La confiance dont vous m’honorez exige que je vous parle à cœur ouvert sur ce qui fait le sujet intéressant de votre lettre. Je ne dois point vous cacher que je l’ai communiquée à M. le commandeur de Solar, qui est de vos amis, et nous nous sommes trouvés d’accord, que les offres que vous fait M. de Belle-Isle pour vous attacher, vous et M. votre frère[2], au service de France, ne sont point acceptables. Après tout le bien que les lettres de M. de la Chétardie[3] lui ont dit de vous, il est inconcevable qu’il ait pu se flatter de vous retenir en vous proposant des grades au-dessous de ceux que vous avez. Je ne sais sur quoi ils fondent que l’on ne considère pas tout à fait en France les grades du service étranger comme ceux de nos troupes. Cette maxime ne seroit ni juste ni obligeante, et nous priveroit de fort bons officiers. Je pense que vous avez très-bien fait de ne point vous engager dans son expédition, avant que d’avoir de bonnes assurances de la Cour sur les conditions qui vous conviennent ; mais puisqu’il paroît que vous êtes déjà décidé pour le refus, il est inutile de vous présenter ici d’autres réflexions.

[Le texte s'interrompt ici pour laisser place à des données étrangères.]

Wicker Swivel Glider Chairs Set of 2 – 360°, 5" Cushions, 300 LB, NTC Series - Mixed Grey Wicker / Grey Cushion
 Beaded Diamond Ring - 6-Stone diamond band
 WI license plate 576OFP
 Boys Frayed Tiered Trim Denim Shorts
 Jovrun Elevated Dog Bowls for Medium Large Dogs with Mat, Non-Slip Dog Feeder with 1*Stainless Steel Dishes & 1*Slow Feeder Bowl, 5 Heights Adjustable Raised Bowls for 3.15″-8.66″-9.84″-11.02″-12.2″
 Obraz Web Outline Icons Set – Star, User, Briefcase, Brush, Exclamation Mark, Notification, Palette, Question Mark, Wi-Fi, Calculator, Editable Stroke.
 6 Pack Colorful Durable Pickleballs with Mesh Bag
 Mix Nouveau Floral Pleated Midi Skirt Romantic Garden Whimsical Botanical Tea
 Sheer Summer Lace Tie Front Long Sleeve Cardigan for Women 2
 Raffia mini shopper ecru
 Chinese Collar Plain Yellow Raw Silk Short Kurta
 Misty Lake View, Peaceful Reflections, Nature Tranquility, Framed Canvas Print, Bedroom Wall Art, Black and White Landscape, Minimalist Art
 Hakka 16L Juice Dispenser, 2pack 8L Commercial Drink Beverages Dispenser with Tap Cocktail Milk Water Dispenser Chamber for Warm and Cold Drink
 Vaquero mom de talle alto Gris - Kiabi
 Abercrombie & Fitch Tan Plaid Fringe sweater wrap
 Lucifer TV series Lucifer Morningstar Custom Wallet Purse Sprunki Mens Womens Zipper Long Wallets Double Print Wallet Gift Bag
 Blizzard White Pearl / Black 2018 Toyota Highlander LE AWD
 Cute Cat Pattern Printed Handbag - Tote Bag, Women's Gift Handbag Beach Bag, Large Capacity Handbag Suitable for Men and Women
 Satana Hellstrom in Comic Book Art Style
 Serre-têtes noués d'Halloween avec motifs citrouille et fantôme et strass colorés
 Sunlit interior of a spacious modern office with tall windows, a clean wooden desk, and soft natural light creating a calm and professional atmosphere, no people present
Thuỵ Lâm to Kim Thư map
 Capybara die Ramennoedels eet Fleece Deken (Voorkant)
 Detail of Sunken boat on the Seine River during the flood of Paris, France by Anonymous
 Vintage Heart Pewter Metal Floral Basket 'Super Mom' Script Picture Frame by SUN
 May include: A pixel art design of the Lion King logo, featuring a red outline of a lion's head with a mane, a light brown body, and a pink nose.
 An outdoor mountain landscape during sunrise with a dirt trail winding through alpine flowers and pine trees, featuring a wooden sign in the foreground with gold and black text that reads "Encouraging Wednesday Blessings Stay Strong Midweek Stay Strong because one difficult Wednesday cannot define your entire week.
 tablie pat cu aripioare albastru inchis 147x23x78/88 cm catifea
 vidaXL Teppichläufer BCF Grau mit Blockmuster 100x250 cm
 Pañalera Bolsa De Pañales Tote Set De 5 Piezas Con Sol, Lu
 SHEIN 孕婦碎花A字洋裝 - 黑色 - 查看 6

  1. Le jour de la mort de Mme de Tencin, en sortant de son antichambre il dit au frère du comte de Guasco, qui étoit avec lui : « A présent vous pouvez mander à M. votre frère, que Mme de Tencin est l’auteur du Comte de Comminges, et du Siège de Calais, ouvrages qui ont été crus jusqu’ici de M. de l’ont de Vesle, son neveu. Je crois qu’il n’y a que M. de Fontenelle et moi qui sachions ce secret. » (G.)
  2. Actuellement lieutenant général, et ci-devant commandant de Dresde pendant la dernière guerre. (G.)
  3. Ambassadeur de France à la cour de Russie ; mort en 1758.